*Given data*.
───
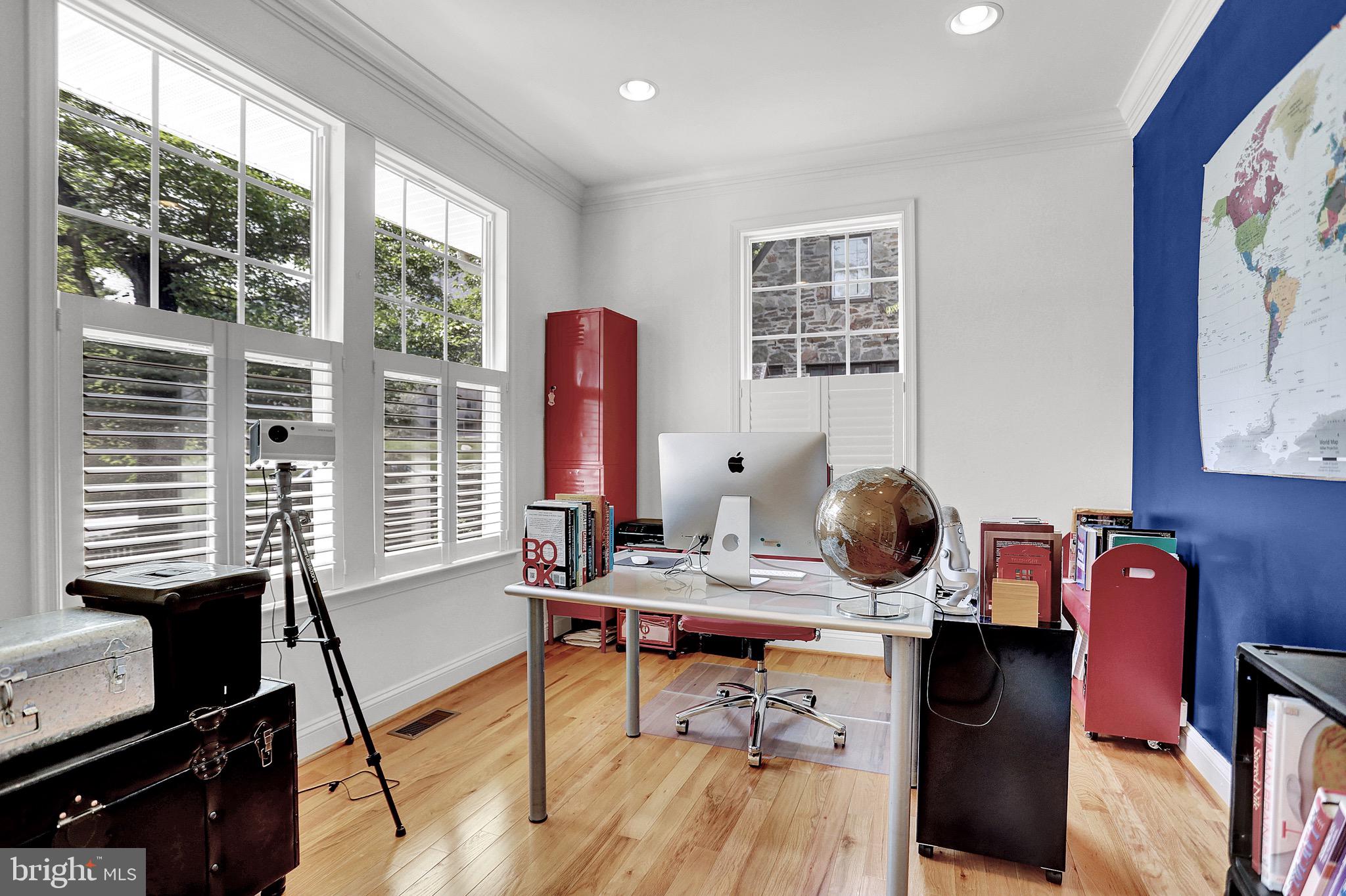 TOWSON ESTATES - Residential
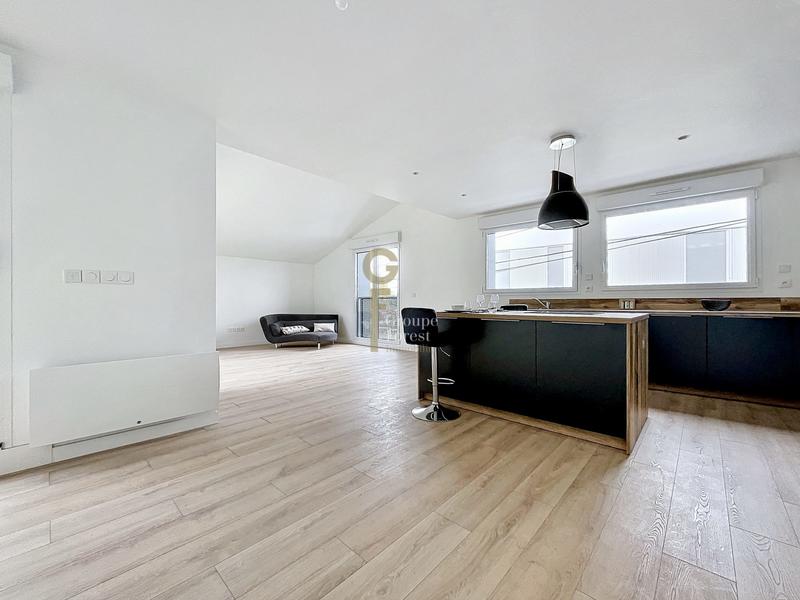 Appartement - 101 m² - 4 pièces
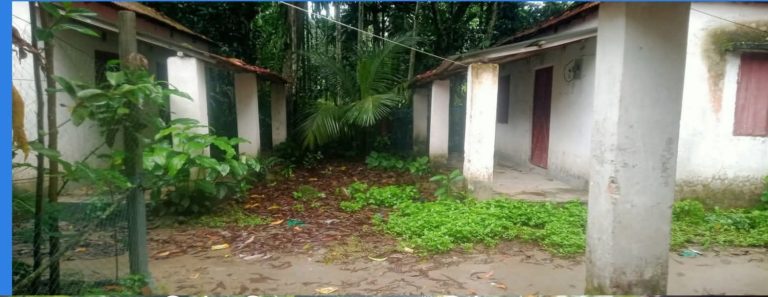 রামগঞ্জের আশ্রয়ন  প্রকল্পের ঘর গুলো এখন মাদকসেবীদের নিরাপদ আস্তানা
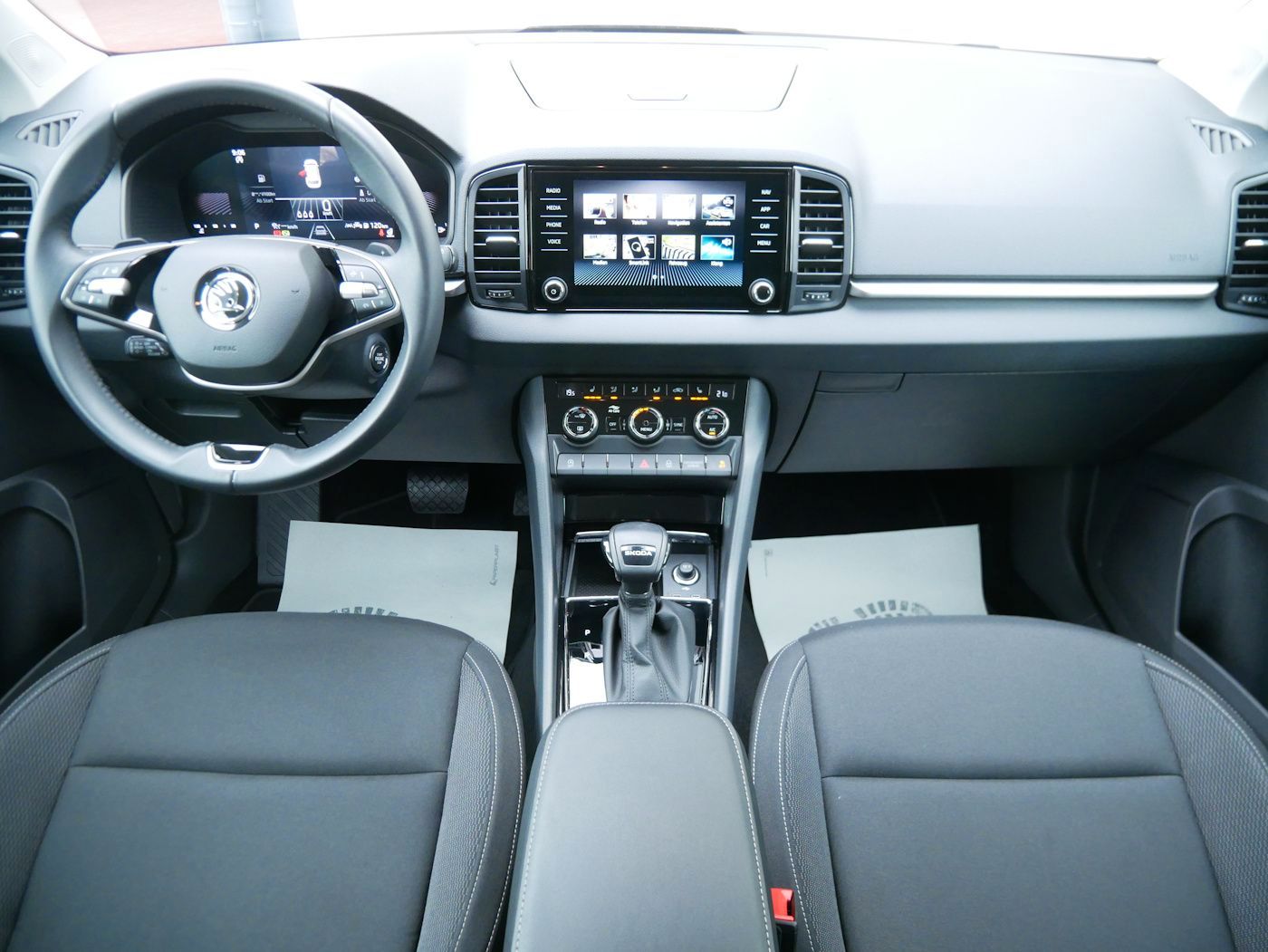 Fahrzeugabbildung SKODA Karoq 1.5 TSI Selection NEU40T DSG ACC SHZ+LHZ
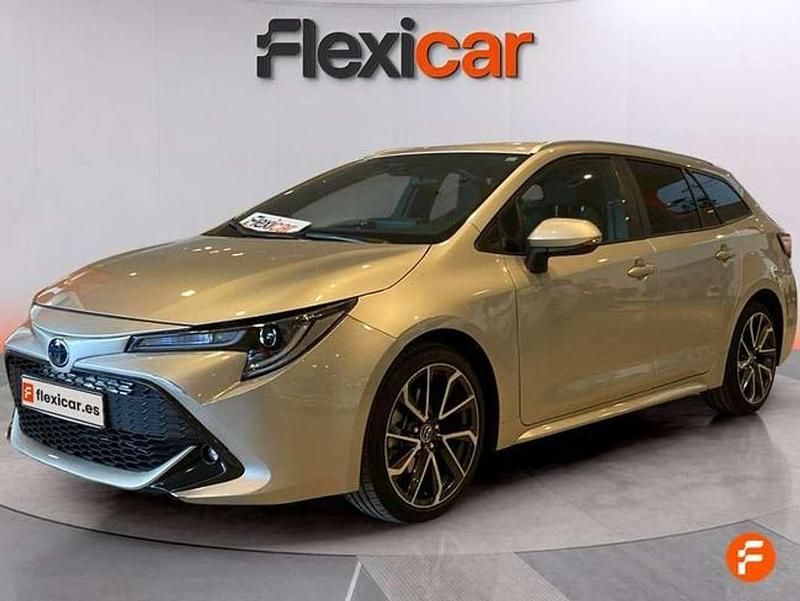 Używany Toyota Corolla Active 122 KM (89 kW) 2019 Szary Kombi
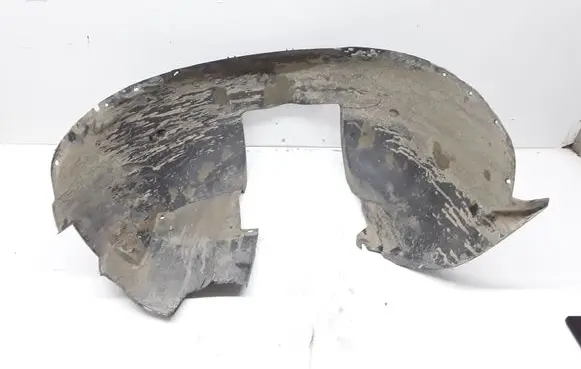 Front wheel arch liner splash guards
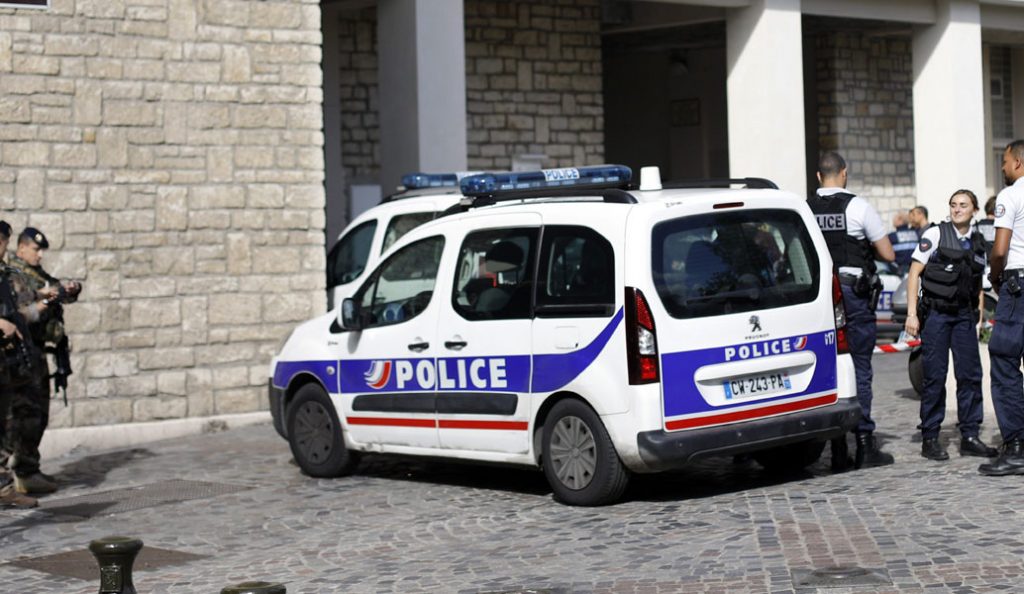 Παρίσι: Η επίθεση κατά στρατιωτικών εξετάζεται ως “τρομοκρατική ενέργεια”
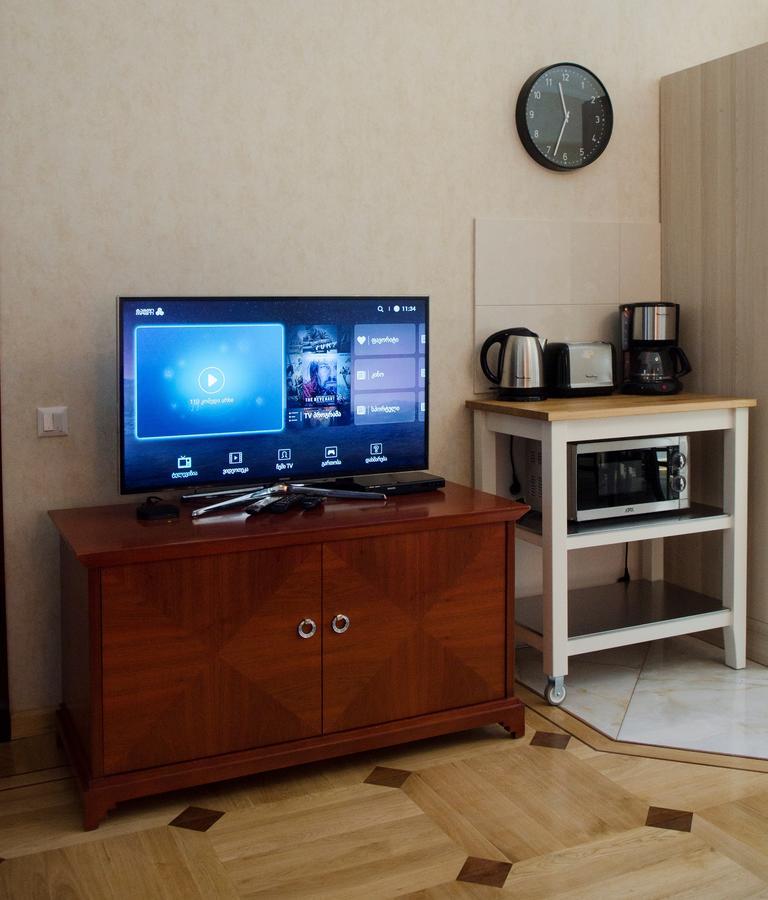 Tiflislux Apartment - Old City Philarmonic المظهر الخارجي الصورة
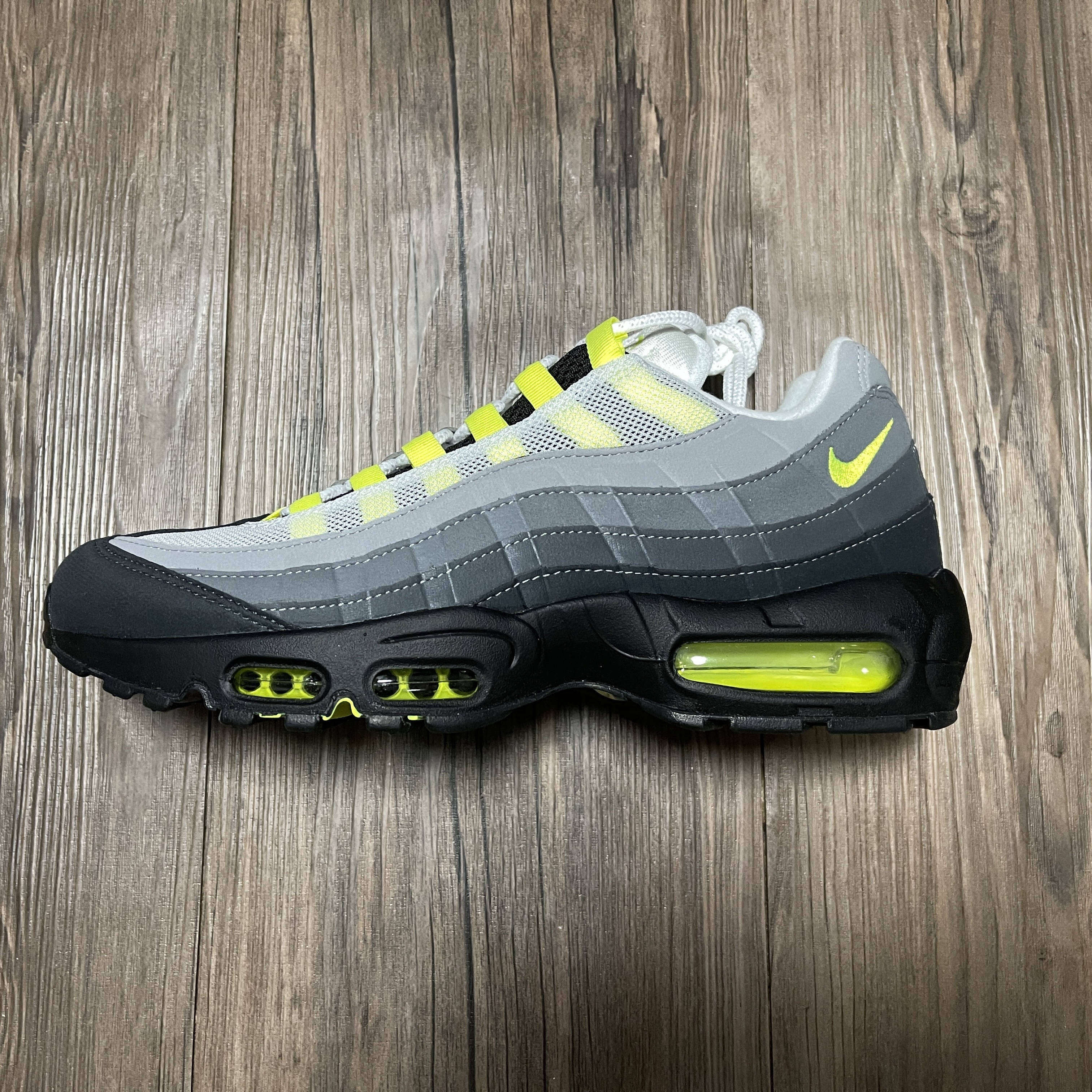 Nike Air Max 95 OG Neon Yellow 2020 착용 스타일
───
*Assignment*. Quote only what lies between the first line of the records and the line containing "Front wheel arch liner splash guards", please, including both lines and excluding images.

*Result for this exercise*.
 TOWSON ESTATES - Residential
 Appartement - 101 m² - 4 pièces
 রামগঞ্জের আশ্রয়ন  প্রকল্পের ঘর গুলো এখন মাদকসেবীদের নিরাপদ আস্তানা
 Fahrzeugabbildung SKODA Karoq 1.5 TSI Selection NEU40T DSG ACC SHZ+LHZ
 Używany Toyota Corolla Active 122 KM (89 kW) 2019 Szary Kombi
 Front wheel arch liner splash guards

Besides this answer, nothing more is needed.